Desenzano offers endless choices for shopping: you can choose from the big names in fashion, objects for the home, avant-garde design or the noble Garda wines purchased directly in prestigious cellars. Walking through the historic center you will find numerous shops of great tradition able to satisfy all the requests of the most demanding customers: clothing, food and wine products, especially traditional and local, music and sports.
Not far from Desenzano there are large outlets such as Mantova outlet and Franciacorta outlet and closer to the town, the Leone shopping center and the Vele shopping center. For those fascinated by local markets, Desenzano offers weekly, antiques and organic markets where you can browse the stands looking for real bargains. Big brands and small artisan shops come together in a skilful interweaving of experience, care, emotion that is unmatched in any commercial agglomeration.
An ancient tradition still present in Desenzano is the Tuesday market, in Piazza Malvezzi, the heart of the town: you can find from simple souvenirs to stalls displaying vases and ceramics, clothes, household items and food. And always in the same square every Sunday of the month with the exception of January and August the antiques market is set up: everyone will be attracted by ancient works from the fifteenth to the twentieth century and will be able to choose between ceramics, glass, jewelry and silver. Both Desenzano and its hamlets, weekly organize nice markets.
A significant part is also entrusted to the typical cuisine of Desenzano del Garda, which proves to be simple and genuine and is marked by the numerous varieties of fish that populate the lake: trout, pike, carpione, eel, perch and so on, with all the specialties that are offered by the restaurants in the area. Among the traditional dishes we find the polenta with cheeses called “carbonera”; among the first courses also cappelletti with meat filling are a fairly typical preparation of the area.
A splendid festival that colors the evenings with musical hues is the Desenzano Jazz Festival, which is inaugurated at the end of June and lasts a few days.

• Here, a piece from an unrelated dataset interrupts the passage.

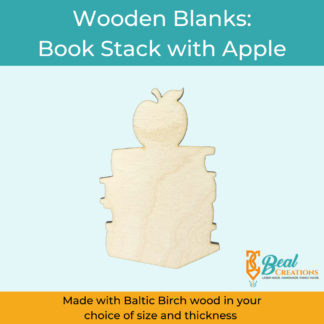 Wooden Blank Wooden Cutout Book Stack with Apple 1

The festival hosts prominent personalities of international jazz music. Furthermore, during the first half of August, a very interesting festival is held in the nearby town of San Martino della Battaglia: the wine festival, which usually lasts 3 or 4 days.
Surrounded by small villages, suggestive and characteristic to visit, such as Sirmione, Lazise and Peschiera del Garda, Desenzano hosts its tourists in hotels equipped with every comfort, many of which have a wellness center inside. Desenzano del Garda is a perfect location all year round, as its climate is always pleasant.
Renowned tourist resort, Desenzano is also an interesting starting point for excursions and trips in contact with nature, where sportsmen can practice various activities and those in search of peace can enjoy the silence of nature.
Desenzano is a perfect base for visiting the Lower Garda, which offers many enchanting corners, starting from nearby Sirmione, certainly the most prestigious location on the entire lake, and then moving on to Salò, with its brand new promenade and continuing towards Maderno and Gardone. Riviera.
Malcesine you can take the cable car to go up to Monte Baldo from where, as well as admire the lake from above, you can observe paragliding jumps and mountain bike excursions going up with the cable car and then descending at a break on beautiful trails. If you prefer to visit the surroundings far from the lake, the Pieve di San Pancrazio in Montichiari (BS), which is only 15 kmaway, is worth a visit.